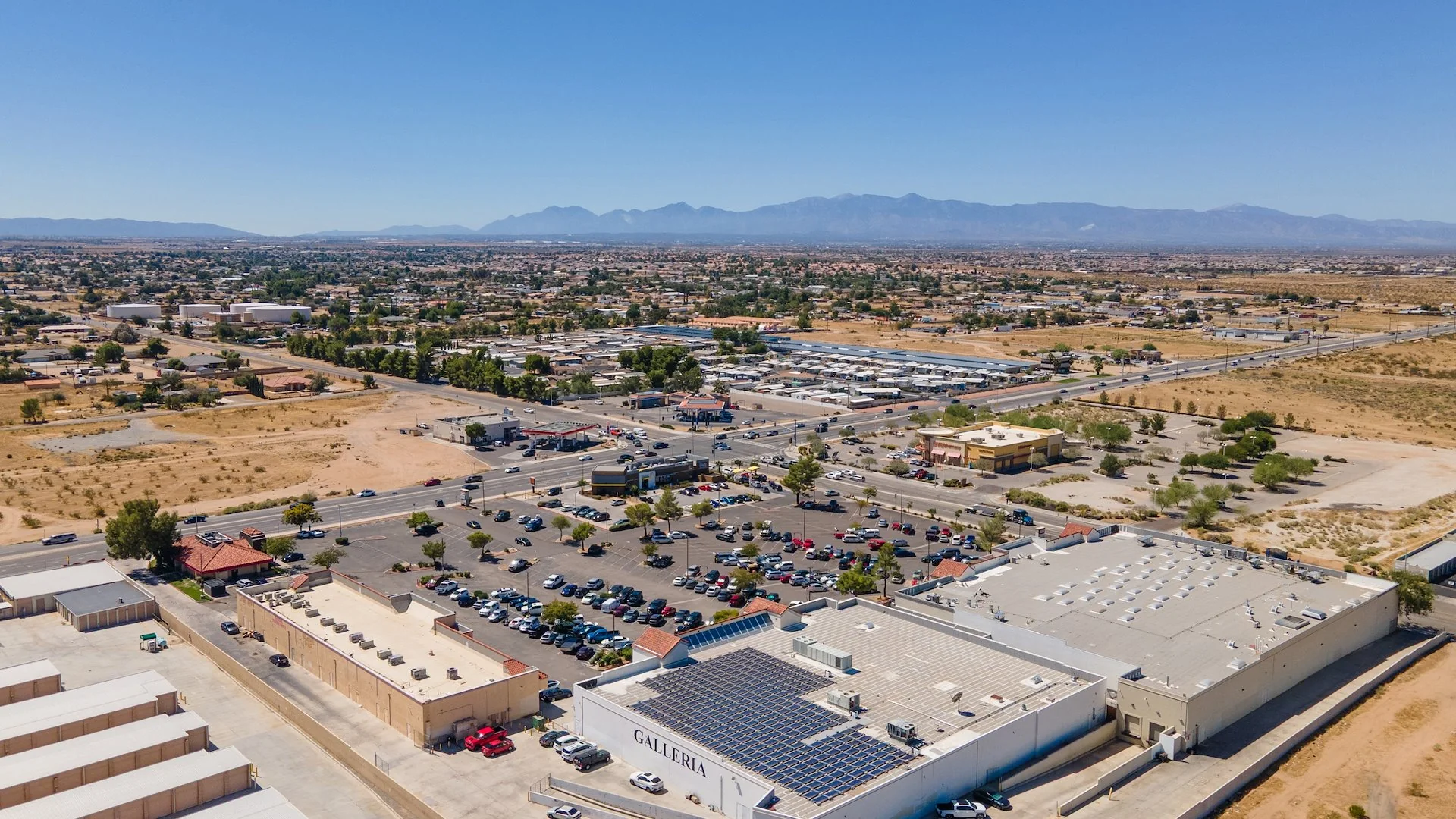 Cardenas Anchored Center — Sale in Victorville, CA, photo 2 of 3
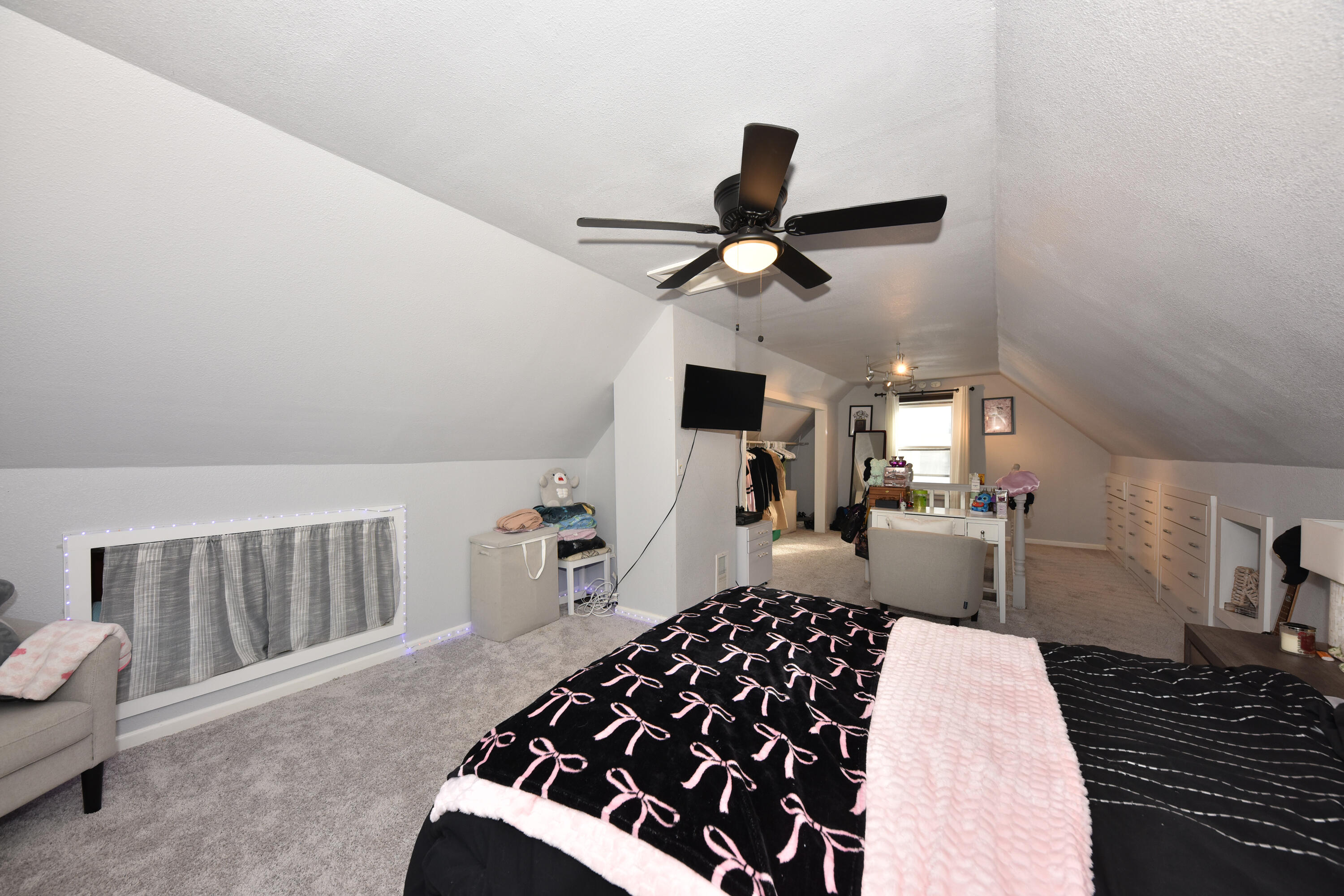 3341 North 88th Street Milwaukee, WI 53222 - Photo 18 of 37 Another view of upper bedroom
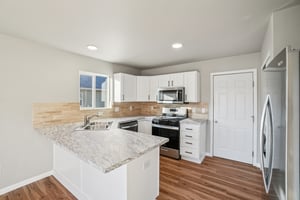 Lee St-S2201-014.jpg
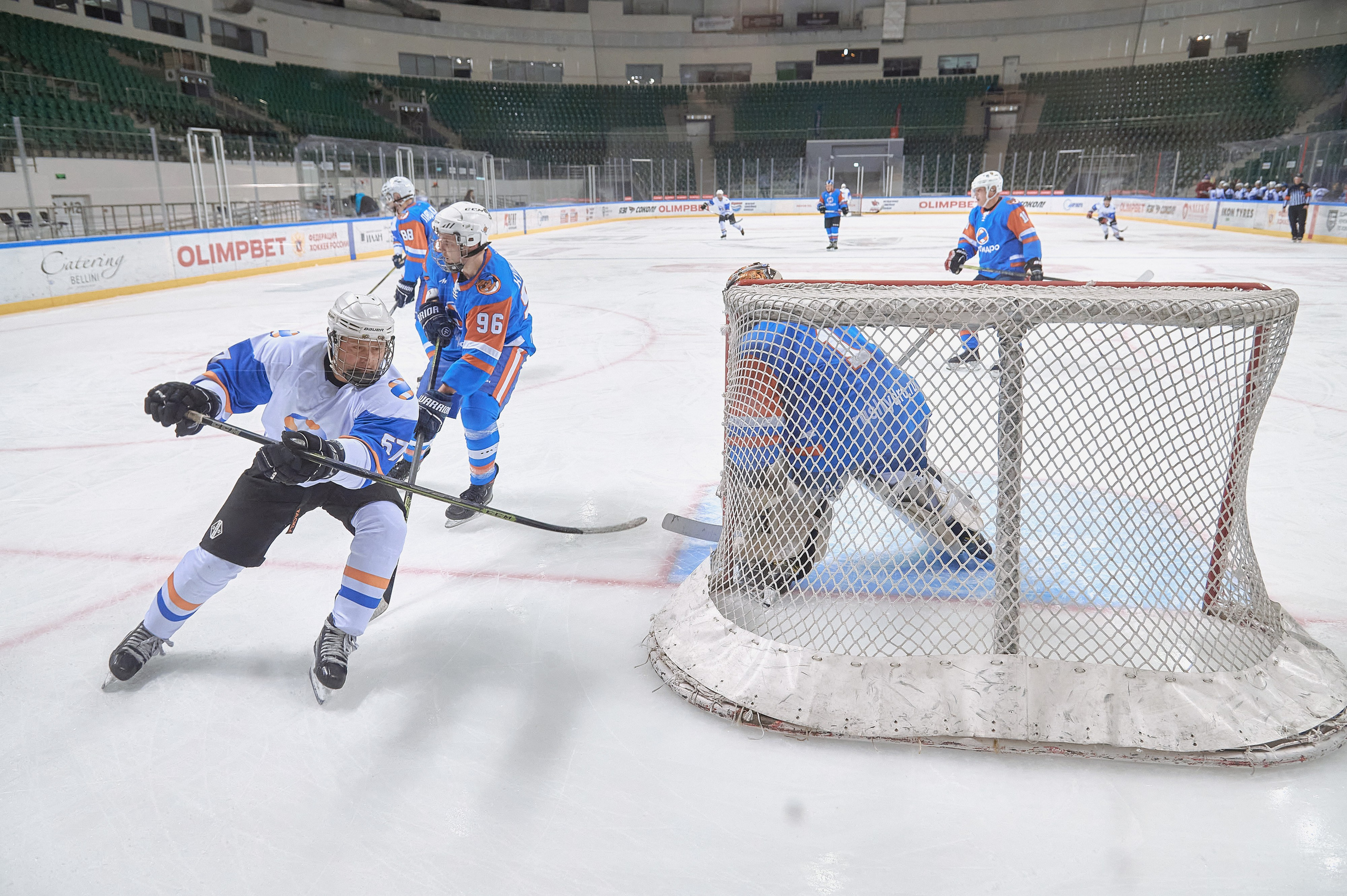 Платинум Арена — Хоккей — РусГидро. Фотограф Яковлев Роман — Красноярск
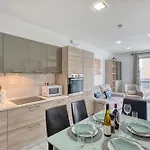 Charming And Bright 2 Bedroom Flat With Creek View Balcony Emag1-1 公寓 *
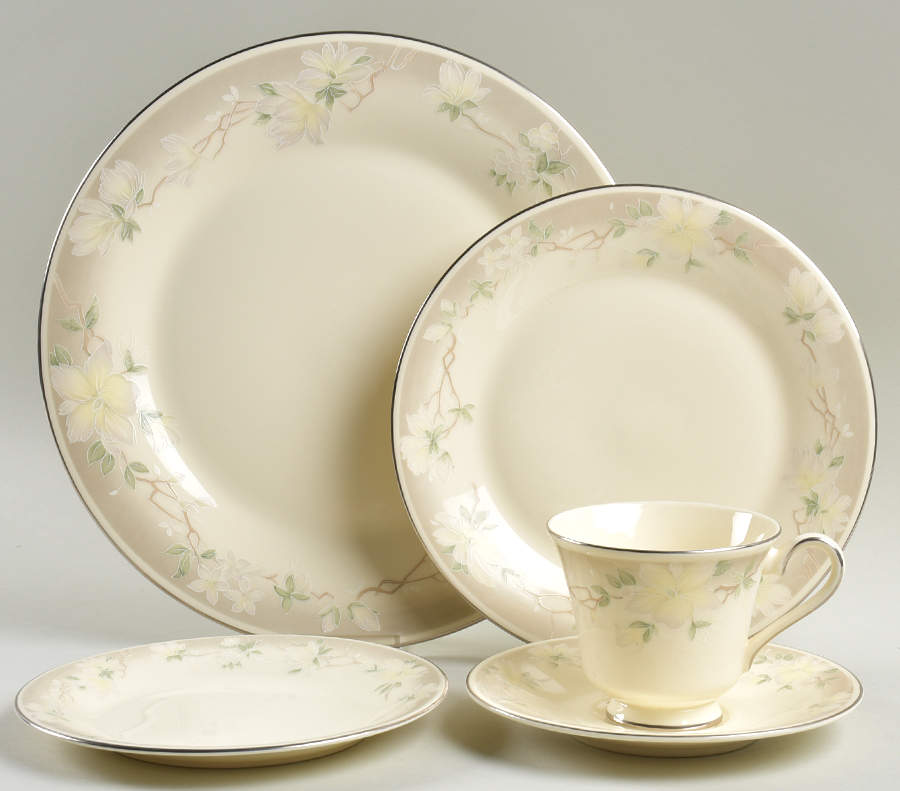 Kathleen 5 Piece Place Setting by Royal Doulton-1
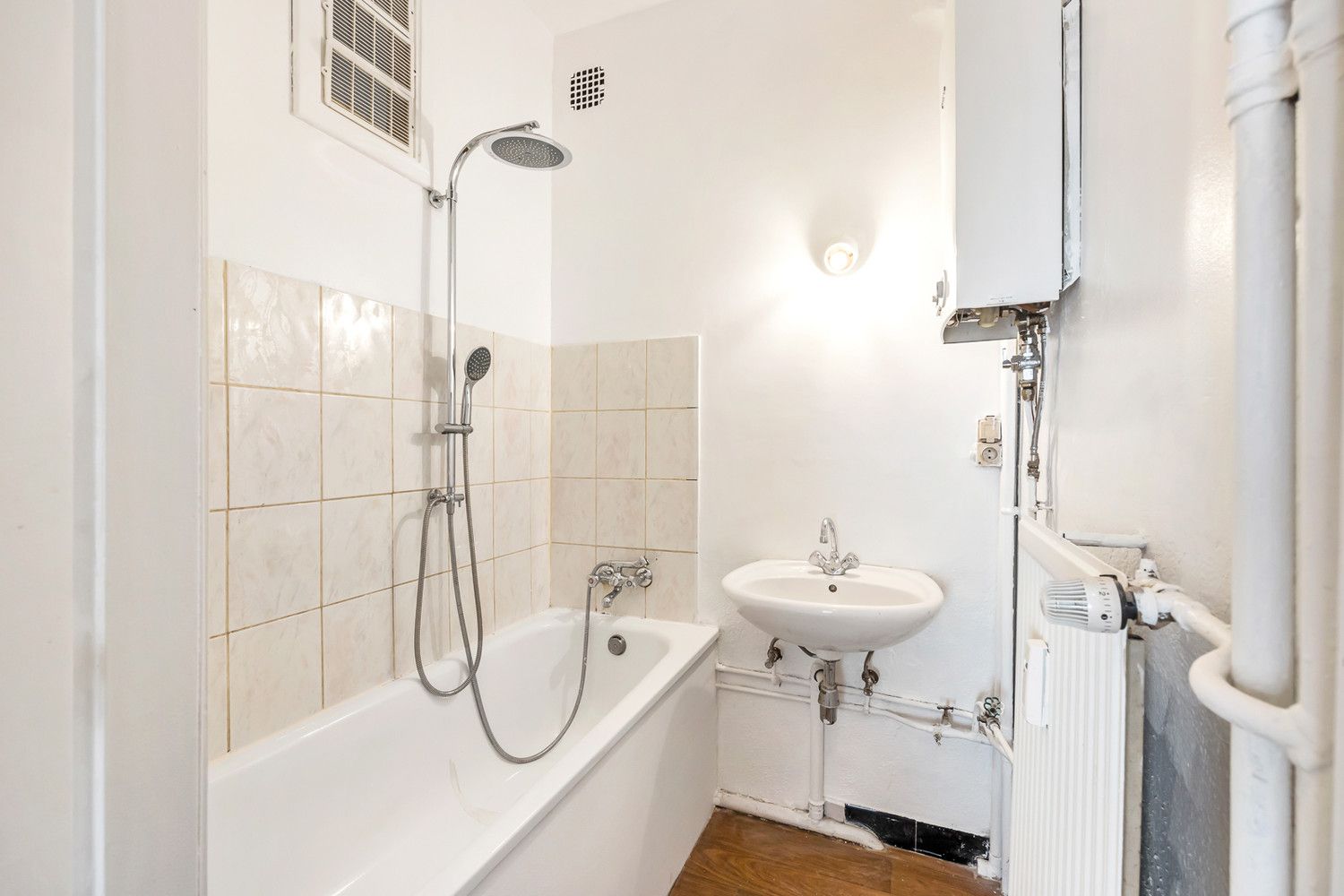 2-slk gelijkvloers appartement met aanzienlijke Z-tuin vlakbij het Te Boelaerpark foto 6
○ ○ ○ ○
> **The problem**
The lines to copy begin at the one containing "Kathleen 5 Piece" and end at the last line of the records. Set down exactly those lines and no others, both ends included, and omit all pictures.

> **Exercise solution**
 Kathleen 5 Piece Place Setting by Royal Doulton-1
 2-slk gelijkvloers appartement met aanzienlijke Z-tuin vlakbij het Te Boelaerpark foto 6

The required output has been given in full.